MATERIAL TO PROCESS below:

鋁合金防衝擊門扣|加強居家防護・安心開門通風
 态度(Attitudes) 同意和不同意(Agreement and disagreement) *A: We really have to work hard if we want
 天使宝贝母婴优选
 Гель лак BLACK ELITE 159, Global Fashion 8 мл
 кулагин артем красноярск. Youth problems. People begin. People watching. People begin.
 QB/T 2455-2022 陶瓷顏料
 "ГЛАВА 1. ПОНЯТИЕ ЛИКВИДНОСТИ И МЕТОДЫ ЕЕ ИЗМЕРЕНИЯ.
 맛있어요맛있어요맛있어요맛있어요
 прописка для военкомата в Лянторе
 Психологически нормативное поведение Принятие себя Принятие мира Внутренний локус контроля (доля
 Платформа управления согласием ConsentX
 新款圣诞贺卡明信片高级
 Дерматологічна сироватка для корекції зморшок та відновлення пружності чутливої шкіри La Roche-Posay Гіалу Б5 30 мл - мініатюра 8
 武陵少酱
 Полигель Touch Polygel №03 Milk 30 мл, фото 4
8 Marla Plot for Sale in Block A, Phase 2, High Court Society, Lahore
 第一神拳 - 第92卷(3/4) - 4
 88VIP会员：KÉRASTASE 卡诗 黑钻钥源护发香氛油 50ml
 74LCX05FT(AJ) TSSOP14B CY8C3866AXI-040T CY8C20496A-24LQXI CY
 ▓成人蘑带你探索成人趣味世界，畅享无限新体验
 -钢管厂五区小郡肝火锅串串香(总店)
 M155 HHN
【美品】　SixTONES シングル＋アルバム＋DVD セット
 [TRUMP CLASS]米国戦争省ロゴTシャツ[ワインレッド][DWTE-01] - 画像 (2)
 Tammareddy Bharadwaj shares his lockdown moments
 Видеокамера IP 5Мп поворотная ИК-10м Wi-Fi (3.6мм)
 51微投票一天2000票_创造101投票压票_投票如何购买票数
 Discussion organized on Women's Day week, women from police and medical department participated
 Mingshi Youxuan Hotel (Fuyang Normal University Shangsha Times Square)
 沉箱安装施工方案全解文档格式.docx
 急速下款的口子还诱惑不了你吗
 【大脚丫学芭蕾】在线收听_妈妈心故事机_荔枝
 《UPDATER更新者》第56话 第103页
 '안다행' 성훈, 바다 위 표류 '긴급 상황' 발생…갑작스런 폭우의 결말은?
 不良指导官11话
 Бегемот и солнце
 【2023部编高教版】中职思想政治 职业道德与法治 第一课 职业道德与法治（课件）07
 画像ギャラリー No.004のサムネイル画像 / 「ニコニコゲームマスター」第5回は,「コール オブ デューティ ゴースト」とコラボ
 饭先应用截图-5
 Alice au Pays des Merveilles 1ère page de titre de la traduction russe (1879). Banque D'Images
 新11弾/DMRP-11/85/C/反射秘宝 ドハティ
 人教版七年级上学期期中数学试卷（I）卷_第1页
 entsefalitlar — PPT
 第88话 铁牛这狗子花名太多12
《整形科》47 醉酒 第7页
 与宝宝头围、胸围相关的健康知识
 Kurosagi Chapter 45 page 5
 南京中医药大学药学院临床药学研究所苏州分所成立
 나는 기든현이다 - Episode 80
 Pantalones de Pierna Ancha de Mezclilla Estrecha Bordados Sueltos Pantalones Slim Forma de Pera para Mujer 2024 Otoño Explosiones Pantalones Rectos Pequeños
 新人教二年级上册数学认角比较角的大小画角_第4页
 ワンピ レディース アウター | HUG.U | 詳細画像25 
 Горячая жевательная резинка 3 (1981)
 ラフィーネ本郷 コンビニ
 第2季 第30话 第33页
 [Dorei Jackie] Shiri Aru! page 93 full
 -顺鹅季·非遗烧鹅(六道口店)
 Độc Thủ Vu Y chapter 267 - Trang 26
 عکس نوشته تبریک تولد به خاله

End of MATERIAL TO PROCESS.

* WHAT YOU ARE ASKED TO DO: Among the entries above, identify all lines with "page" and copy them.

* EXPECTED OUTPUT:
 Alice au Pays des Merveilles 1ère page de titre de la traduction russe (1879). Banque D'Images
 Kurosagi Chapter 45 page 5
 [Dorei Jackie] Shiri Aru! page 93 full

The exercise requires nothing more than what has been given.